Aim of the task -> If a line below falls between the line with "Some window glass." and the line with "You can insert", or is one of those two, output it exactly; output nothing else and no pictures.

Exercise materials ->
....
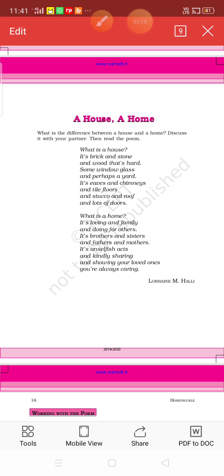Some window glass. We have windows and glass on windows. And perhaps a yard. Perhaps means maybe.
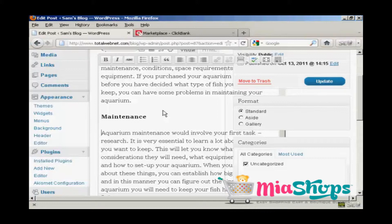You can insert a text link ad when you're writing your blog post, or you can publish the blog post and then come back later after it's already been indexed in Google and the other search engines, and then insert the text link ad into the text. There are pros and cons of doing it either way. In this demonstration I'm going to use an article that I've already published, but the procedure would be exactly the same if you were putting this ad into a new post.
....
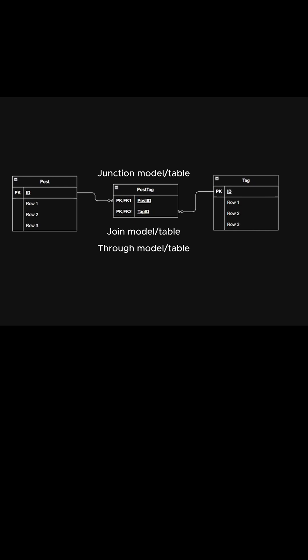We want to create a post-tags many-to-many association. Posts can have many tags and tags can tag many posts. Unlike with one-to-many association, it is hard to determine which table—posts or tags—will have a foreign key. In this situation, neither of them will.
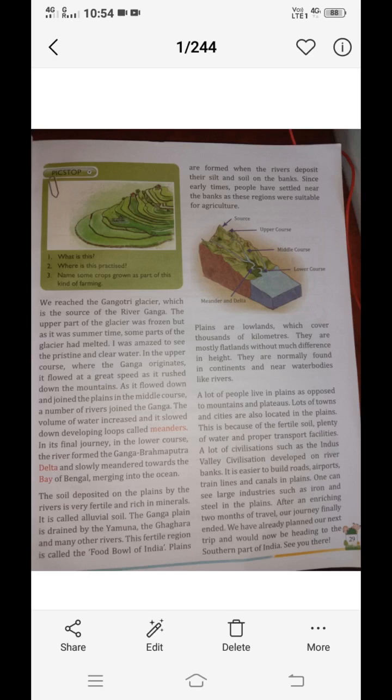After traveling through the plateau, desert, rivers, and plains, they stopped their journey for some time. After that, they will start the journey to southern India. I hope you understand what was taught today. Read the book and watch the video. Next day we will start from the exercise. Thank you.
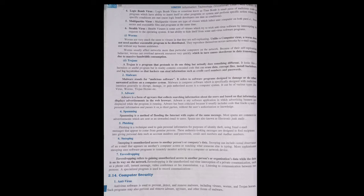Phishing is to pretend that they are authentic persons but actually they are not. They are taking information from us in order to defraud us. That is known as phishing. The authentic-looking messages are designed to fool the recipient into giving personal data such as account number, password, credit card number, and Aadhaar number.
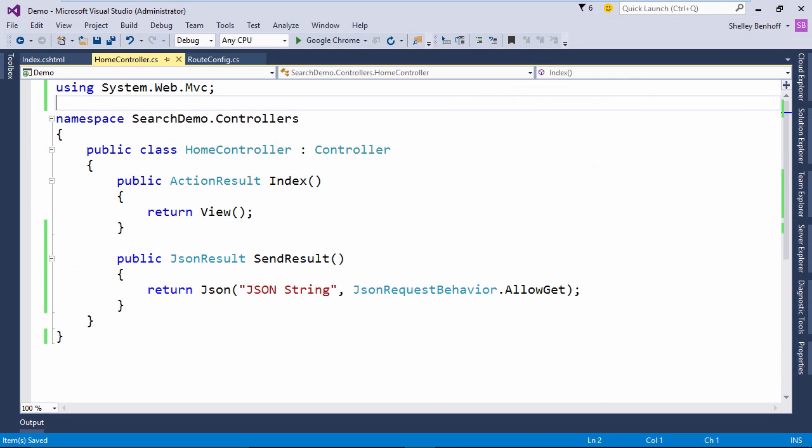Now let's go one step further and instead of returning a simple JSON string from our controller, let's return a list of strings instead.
....
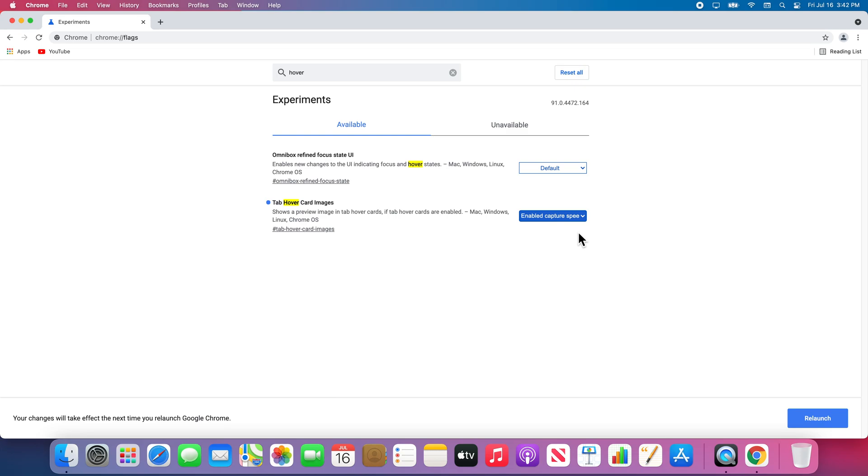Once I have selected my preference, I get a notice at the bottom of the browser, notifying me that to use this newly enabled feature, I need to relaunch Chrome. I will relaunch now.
....
Response below ->
Some window glass. We have windows and glass on windows. And perhaps a yard. Perhaps means maybe.
You can insert a text link ad when you're writing your blog post, or you can publish the blog post and then come back later after it's already been indexed in Google and the other search engines, and then insert the text link ad into the text. There are pros and cons of doing it either way. In this demonstration I'm going to use an article that I've already published, but the procedure would be exactly the same if you were putting this ad into a new post.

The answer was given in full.